» **MATERIAL FOR THE TASK**
----

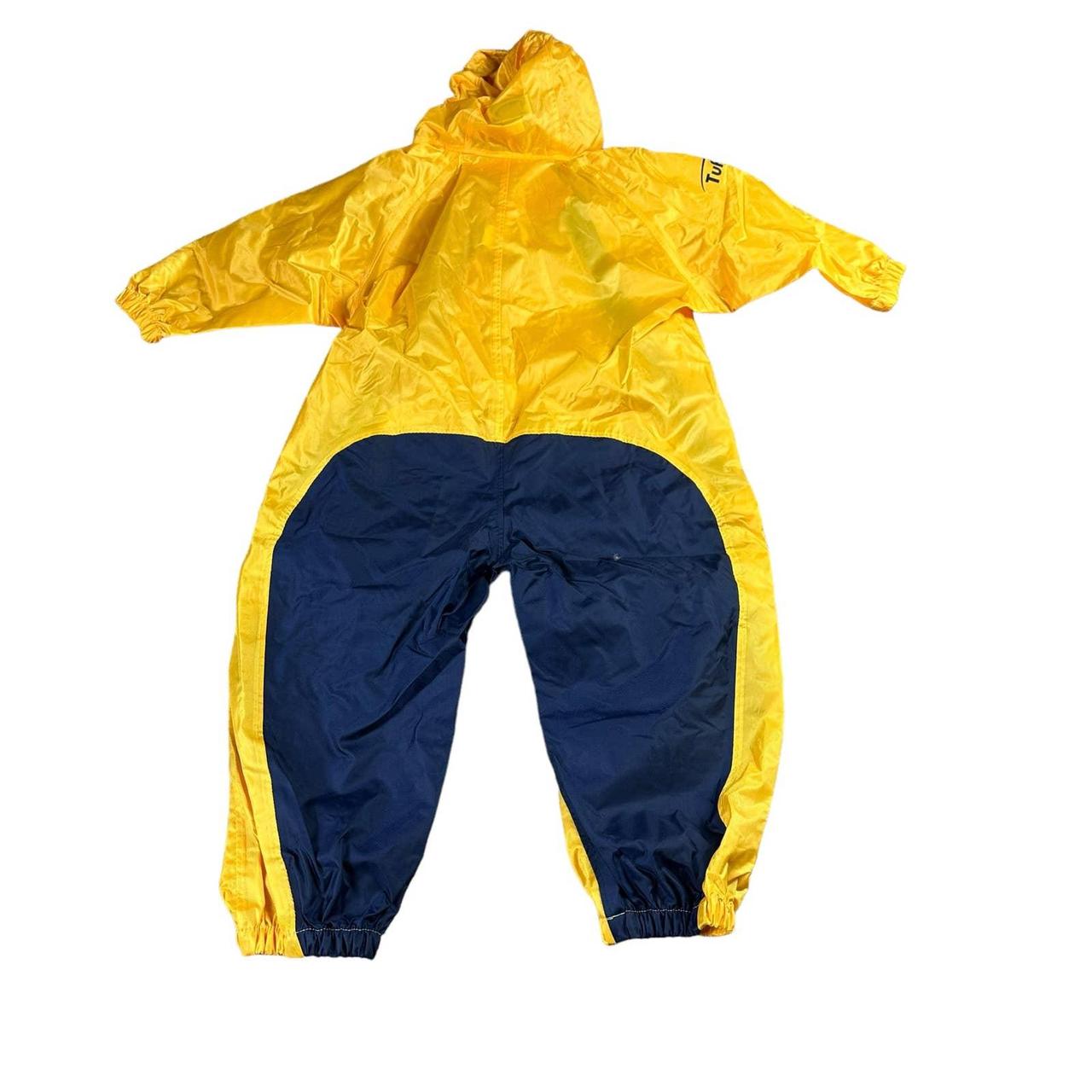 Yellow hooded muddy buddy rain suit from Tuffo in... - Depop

----

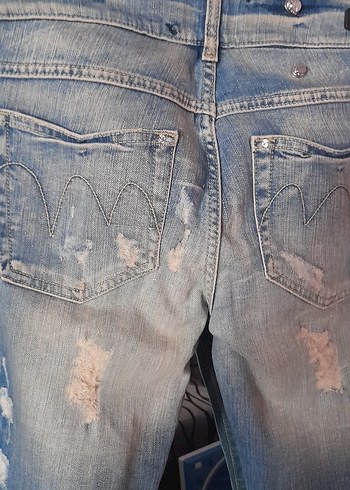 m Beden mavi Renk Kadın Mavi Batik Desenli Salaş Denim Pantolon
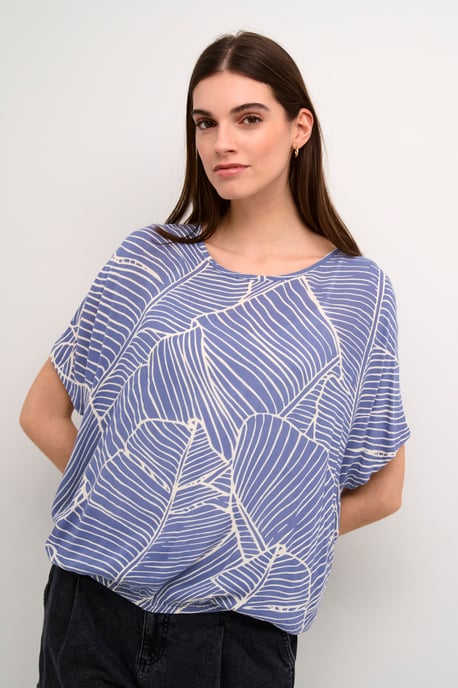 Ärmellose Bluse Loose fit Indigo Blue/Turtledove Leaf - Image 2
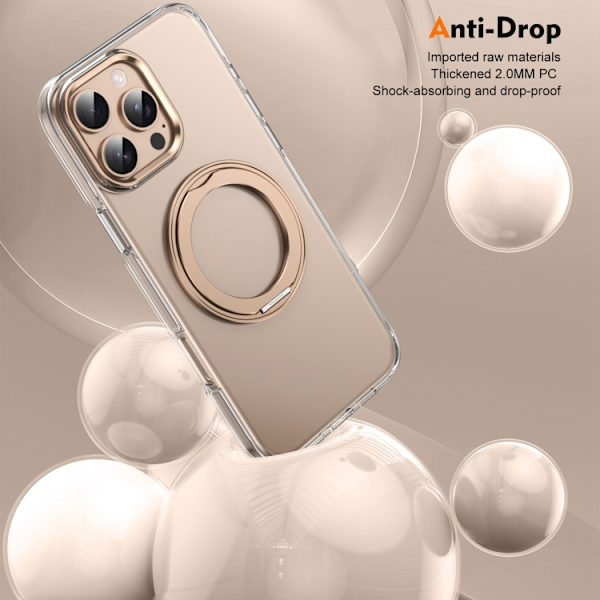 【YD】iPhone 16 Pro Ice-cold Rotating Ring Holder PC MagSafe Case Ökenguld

----

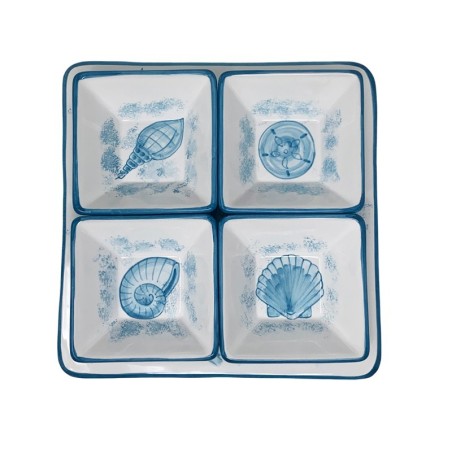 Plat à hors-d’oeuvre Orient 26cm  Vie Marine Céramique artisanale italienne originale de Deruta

----

» **HOW TO COMPLETE THIS TASK**
What you write out is the stretch of entries from the line containing "Ärmellose Bluse Loose" to the line containing "MagSafe Case Ökenguld", word for word, with both end lines and no pictures.

» **EXPECTED ANSWER**
 Ärmellose Bluse Loose fit Indigo Blue/Turtledove Leaf - Image 2
 【YD】iPhone 16 Pro Ice-cold Rotating Ring Holder PC MagSafe Case Ökenguld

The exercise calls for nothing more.